■ Assignment
This exercise calls for the line with "What's up guys", the line with "Hey guys, welcome", and all lines between them in the material below, output exactly and with no other lines.

■ Material for this exercise
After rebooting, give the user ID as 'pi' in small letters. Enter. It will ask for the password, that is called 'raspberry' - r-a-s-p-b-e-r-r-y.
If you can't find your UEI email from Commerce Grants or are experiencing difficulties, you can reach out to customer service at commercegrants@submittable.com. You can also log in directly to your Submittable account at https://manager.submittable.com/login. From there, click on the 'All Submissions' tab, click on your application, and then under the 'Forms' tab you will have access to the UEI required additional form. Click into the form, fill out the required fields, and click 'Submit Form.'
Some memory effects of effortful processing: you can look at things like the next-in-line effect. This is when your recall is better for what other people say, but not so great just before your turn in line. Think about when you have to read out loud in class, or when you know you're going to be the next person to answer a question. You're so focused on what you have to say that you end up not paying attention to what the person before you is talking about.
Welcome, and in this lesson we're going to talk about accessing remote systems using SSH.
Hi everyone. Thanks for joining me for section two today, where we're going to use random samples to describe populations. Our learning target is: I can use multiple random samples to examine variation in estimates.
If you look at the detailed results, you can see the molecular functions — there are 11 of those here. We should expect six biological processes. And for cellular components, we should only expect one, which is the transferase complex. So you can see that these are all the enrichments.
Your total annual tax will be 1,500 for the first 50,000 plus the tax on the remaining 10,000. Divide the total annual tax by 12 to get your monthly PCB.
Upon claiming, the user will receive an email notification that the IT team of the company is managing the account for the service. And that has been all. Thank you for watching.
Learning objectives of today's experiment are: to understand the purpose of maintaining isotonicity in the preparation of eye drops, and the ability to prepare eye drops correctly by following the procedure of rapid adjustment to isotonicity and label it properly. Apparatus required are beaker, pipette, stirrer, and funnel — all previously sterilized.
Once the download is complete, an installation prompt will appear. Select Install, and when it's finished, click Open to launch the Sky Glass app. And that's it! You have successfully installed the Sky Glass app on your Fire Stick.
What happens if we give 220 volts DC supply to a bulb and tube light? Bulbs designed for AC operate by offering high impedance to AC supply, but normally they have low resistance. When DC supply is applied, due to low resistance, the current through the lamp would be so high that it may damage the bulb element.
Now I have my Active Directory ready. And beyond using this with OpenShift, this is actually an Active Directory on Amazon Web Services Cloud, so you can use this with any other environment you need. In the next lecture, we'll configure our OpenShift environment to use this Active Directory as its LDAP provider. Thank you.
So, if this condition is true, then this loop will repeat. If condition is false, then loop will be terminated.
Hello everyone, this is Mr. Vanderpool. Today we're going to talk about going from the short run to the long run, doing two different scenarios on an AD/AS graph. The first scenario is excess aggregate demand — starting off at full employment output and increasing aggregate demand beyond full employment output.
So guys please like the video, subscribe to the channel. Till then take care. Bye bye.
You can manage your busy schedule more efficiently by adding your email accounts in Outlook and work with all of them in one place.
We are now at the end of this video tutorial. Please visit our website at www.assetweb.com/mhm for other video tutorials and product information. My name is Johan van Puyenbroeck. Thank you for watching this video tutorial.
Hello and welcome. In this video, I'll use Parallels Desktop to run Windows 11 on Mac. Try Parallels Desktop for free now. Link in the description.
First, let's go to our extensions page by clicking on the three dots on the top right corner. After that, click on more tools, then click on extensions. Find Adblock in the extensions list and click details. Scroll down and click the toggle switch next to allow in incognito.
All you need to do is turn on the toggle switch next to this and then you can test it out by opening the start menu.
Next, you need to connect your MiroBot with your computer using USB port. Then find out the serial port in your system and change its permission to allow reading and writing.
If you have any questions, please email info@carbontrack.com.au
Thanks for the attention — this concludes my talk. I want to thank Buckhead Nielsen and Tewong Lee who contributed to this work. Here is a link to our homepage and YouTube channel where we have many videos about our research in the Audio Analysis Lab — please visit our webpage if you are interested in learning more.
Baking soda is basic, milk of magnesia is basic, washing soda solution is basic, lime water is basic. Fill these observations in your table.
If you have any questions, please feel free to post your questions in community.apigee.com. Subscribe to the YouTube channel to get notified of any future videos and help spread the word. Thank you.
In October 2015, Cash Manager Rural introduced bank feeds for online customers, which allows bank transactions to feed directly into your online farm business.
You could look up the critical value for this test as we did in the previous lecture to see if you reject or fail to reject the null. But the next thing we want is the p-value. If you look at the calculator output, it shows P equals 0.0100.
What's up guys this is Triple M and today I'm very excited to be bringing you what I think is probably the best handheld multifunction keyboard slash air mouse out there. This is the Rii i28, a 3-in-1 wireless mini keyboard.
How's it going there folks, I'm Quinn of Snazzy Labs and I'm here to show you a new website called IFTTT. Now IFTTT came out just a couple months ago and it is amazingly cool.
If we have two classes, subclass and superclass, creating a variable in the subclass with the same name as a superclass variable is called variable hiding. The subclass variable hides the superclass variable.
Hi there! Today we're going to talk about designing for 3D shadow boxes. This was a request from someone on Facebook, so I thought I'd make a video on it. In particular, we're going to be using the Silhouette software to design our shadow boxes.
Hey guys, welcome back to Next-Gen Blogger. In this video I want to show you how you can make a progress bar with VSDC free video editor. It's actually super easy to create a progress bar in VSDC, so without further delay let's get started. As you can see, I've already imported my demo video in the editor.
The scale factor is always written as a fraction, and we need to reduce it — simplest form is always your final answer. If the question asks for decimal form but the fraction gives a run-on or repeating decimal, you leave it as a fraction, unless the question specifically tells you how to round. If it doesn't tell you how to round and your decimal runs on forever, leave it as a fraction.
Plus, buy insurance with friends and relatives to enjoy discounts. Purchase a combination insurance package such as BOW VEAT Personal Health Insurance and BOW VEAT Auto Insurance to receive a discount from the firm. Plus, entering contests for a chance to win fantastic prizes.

■ Response to the exercise
What's up guys this is Triple M and today I'm very excited to be bringing you what I think is probably the best handheld multifunction keyboard slash air mouse out there. This is the Rii i28, a 3-in-1 wireless mini keyboard.
How's it going there folks, I'm Quinn of Snazzy Labs and I'm here to show you a new website called IFTTT. Now IFTTT came out just a couple months ago and it is amazingly cool.
If we have two classes, subclass and superclass, creating a variable in the subclass with the same name as a superclass variable is called variable hiding. The subclass variable hides the superclass variable.
Hi there! Today we're going to talk about designing for 3D shadow boxes. This was a request from someone on Facebook, so I thought I'd make a video on it. In particular, we're going to be using the Silhouette software to design our shadow boxes.
Hey guys, welcome back to Next-Gen Blogger. In this video I want to show you how you can make a progress bar with VSDC free video editor. It's actually super easy to create a progress bar in VSDC, so without further delay let's get started. As you can see, I've already imported my demo video in the editor.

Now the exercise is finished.